Lo que sigue a partir de ahí es una pequeña toma de contacto con las mecánicas y un cierre brusco en pocos minutos, sin ninguna solemnidad. Para intentar estirar un poco el sorbito de sangre, hay un modo Score Attack donde tendremos que conseguir la máxima puntuación en cada escenario pero sin leaderboards ni una modalidad de juego infinita, todo consiste en repetir escenarios ya conocidos y muy limitados que se terminan en un suspiro. El jugador se siente estafado por un estudio que no sabe explotar su creación pero tampoco lo intenta: Mediatonic se especializó en los PS Minis como vía para financiar proyectos más grandes, atraídos por las pequeñas ventanas de desarrollo, la mínima inversión de recursos y la rapidez a la hora de publicar en la Store. ‘Monsters (Probably) Stole My Princess’ es un ‘Doodle Jump’ venido a más pero que se conforma con menos; una propuesta que, como la princesa, se desvanece pronto en nuestras manos.

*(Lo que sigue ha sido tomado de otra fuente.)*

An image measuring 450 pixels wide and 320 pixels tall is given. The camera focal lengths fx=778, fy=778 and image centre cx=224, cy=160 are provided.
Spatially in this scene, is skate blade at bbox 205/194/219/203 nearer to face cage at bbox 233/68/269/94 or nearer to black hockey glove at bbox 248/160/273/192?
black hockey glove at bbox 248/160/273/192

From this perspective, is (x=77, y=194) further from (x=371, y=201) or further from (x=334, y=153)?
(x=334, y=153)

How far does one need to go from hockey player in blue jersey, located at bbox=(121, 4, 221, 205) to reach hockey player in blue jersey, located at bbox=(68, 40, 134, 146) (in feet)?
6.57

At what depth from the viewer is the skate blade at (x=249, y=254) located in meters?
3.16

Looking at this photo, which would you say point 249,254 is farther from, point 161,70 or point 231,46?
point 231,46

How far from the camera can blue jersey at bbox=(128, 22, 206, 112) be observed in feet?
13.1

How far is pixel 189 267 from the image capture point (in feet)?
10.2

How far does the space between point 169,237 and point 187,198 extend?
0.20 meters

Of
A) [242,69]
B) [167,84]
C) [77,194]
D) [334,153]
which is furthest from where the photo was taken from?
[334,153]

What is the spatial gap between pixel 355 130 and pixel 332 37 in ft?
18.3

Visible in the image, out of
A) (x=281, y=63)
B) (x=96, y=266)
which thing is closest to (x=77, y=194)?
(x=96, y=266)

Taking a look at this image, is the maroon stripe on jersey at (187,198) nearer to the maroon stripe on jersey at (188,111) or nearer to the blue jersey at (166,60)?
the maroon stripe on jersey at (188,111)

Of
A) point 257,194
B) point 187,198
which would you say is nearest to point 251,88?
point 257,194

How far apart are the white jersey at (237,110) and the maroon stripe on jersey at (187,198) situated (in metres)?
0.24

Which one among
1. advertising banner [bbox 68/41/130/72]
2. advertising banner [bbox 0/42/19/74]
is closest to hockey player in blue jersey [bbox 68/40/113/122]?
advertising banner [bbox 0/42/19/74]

PS Minis no deja de ser el germen de una política que ahora está recogiendo sus frutos. El aperturismo, la aceptación entre la escena y la imagen de compañía preocupada por el pequeño desarrollo ha perdurado en la mente del desarrollador frente a la mala praxis: después de Microsoft, se volvían a ver pequeños brotes verdes en entornos que ya olían a cerrado. Crear ya no era cosa de grandes equipos sino de facilidades a la hora de que cualquiera con una idea pudiera acceder a canales ampliamente aceptados; sólo así se explica el éxito de la App Store o Xbox Live Arcade, y los fuertes impulsos iniciales que experimentaron estos pequeños programas incubadora. Pero aunque ese fuera el primer paso, nunca se tuvo en cuenta la visibilidad de las propuestas, enterradas entre lanzamientos semanales e incapaces de seguir el ritmo a una industria que corría hacia delante, sin una dirección clara poco después de que se rompieran sus cimientos. Ahí está el fracaso de estos pequeños programas, reductos que llenaron un par de horas pero que rápidamente se olvidaron en esa huida sin mirar atrás, sepultados por los tiempos que corren.